● Data
┄┄┄┄┄┄┄┄┄┄

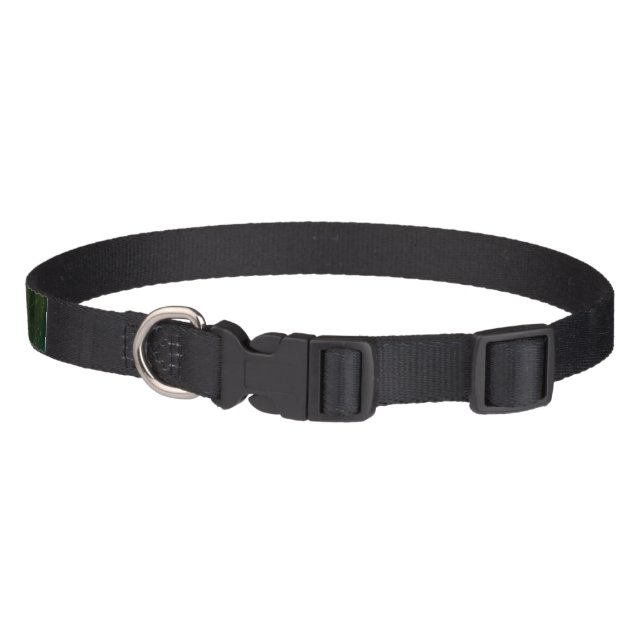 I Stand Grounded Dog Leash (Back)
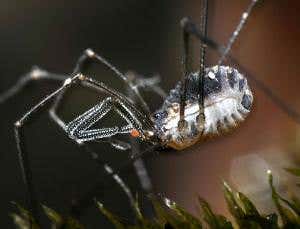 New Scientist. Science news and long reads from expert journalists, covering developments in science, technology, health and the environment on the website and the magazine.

┄┄┄┄┄┄┄┄┄┄

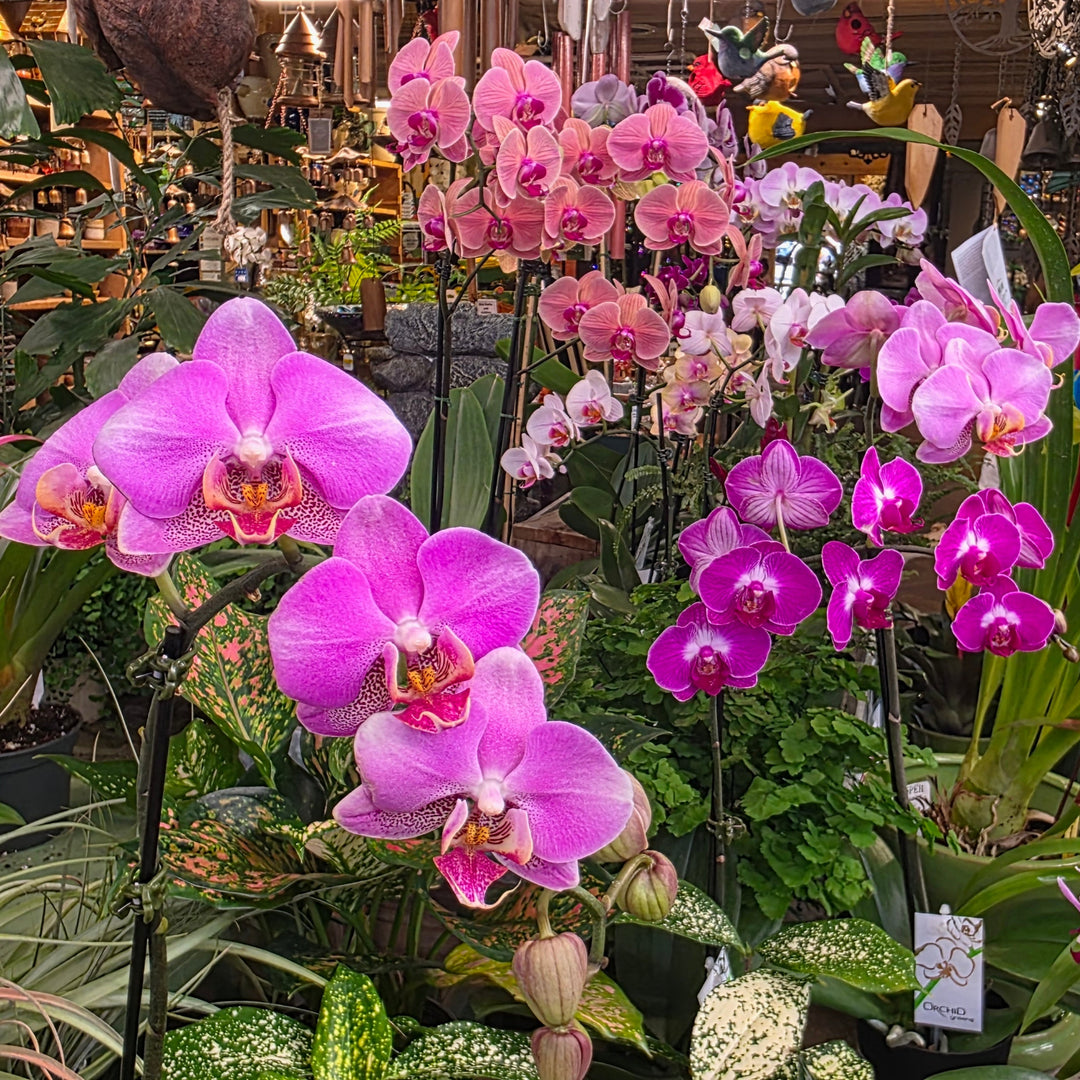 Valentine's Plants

┄┄┄┄┄┄┄┄┄┄

● Task details
From the entries above, copy exactly the lines starting at the one with "I Stand Grounded Dog Leash (Back)" and stopping at the one with "New Scientist. Science", keeping both ends. Drop the pictures.

● Solution to the exercise
 I Stand Grounded Dog Leash (Back)
 New Scientist. Science news and long reads from expert journalists, covering developments in science, technology, health and the environment on the website and the magazine.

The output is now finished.